Запись о выплате гонораров за No 39 "Гражданина" 1873 г. свидетельствует о принадлежности Достоевскому двух статей, за которые он получил 22 р. 33 коп. (ЛН, т. 83, стр. 303).
Г. Ф. Коган, комментируя запись Достоевского, предположила, что гонорар был выплачен ему sa статью "Иностранные события" (там же, стр. 345). Но "Иностранные события" -- лишь одна статья. Объем ее -- 120 строк (не считая 111 -- неоплачиваемых -- строк телеграмм). Достоевский должен был получить за нее, исходя из установленного размера гонорара по 7 копеек 8а строчку, всего 8 р. 40 к. {Размер гонорара sa "Иностранные события" был, как об этом свидетельствуют предыдущие записи, определен Достоевским после небольшого колебания. Первоначально он называет цифру в 5 копеек. Но тут же следует пересчет: статья из этой серии в No 38 составляет 487 строчек, плюс три строчки редакционного примечания, и Достоевский указывает сумму 34 р. 30 коп. (см.: ЛН, т. 83, стр. 309).} Из других же материалов No 38 "Гражданина" только рассказ "Попрошайка" может принадлежать Достоевскому. Объем рассказа -- 196 строчек, за что ему положено по той же таксе 13 р. 72 коп. Кроме того, в номере есть редакционное примечание (3 строчки). Общий объем трех публикаций равен 319 строчкам, что и дает приведенную выше цифру 22 р. 33 коп.

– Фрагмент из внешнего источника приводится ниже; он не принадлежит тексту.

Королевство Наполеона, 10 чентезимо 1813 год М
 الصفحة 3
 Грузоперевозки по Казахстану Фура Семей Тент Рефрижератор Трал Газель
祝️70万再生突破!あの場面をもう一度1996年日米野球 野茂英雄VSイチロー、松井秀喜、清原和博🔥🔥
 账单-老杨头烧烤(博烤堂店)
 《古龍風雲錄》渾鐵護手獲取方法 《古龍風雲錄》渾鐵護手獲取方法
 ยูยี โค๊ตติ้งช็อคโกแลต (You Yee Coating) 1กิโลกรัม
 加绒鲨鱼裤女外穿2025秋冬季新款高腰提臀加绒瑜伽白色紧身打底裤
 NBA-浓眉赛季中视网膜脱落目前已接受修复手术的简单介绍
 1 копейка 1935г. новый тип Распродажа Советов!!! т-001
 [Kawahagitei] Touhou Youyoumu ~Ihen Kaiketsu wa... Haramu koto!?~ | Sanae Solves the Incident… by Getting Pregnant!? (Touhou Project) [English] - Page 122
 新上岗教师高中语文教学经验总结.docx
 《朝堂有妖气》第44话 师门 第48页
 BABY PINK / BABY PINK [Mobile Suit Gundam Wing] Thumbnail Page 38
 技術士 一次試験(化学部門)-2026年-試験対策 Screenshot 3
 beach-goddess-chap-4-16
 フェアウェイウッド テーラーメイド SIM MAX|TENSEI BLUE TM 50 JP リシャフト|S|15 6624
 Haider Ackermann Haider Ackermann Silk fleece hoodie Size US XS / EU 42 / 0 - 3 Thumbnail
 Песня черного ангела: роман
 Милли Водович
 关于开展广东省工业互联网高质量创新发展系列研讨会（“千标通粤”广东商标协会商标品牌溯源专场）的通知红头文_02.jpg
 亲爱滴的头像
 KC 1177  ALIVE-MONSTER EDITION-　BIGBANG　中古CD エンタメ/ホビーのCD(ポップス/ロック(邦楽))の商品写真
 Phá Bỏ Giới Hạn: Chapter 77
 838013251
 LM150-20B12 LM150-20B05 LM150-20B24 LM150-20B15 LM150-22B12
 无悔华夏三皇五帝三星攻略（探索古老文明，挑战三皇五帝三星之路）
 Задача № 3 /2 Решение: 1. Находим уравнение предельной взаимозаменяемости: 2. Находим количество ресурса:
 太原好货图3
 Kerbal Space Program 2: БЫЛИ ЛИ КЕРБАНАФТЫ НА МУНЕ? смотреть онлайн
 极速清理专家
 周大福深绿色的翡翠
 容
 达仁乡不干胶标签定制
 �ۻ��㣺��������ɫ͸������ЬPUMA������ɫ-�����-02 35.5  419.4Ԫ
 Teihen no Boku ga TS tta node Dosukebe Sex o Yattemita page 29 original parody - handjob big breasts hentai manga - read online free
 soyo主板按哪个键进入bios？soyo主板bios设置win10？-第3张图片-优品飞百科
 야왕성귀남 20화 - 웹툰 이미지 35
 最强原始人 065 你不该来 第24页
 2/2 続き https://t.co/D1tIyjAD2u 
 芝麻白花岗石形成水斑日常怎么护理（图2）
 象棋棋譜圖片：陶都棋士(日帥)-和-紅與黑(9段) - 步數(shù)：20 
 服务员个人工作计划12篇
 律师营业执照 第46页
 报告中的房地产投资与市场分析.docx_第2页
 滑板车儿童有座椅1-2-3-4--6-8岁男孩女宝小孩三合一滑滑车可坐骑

Однако В. В. Виноградовым было высказано предположение, что в том же номере "Гражданина" Достоевскому принадлежит, кроме "Попрошайки", статья "Привычки (из современного обозрения)" (стр. 1041--1043) (см.: В. В. Виноградов. Исследования по поэтике и стилистике. Л., 1972, стр. 192--198). Но, как видно из гонорарной ведомости, автором статьи "Привычки..." был А. У. Порецкий, а не Достоевский.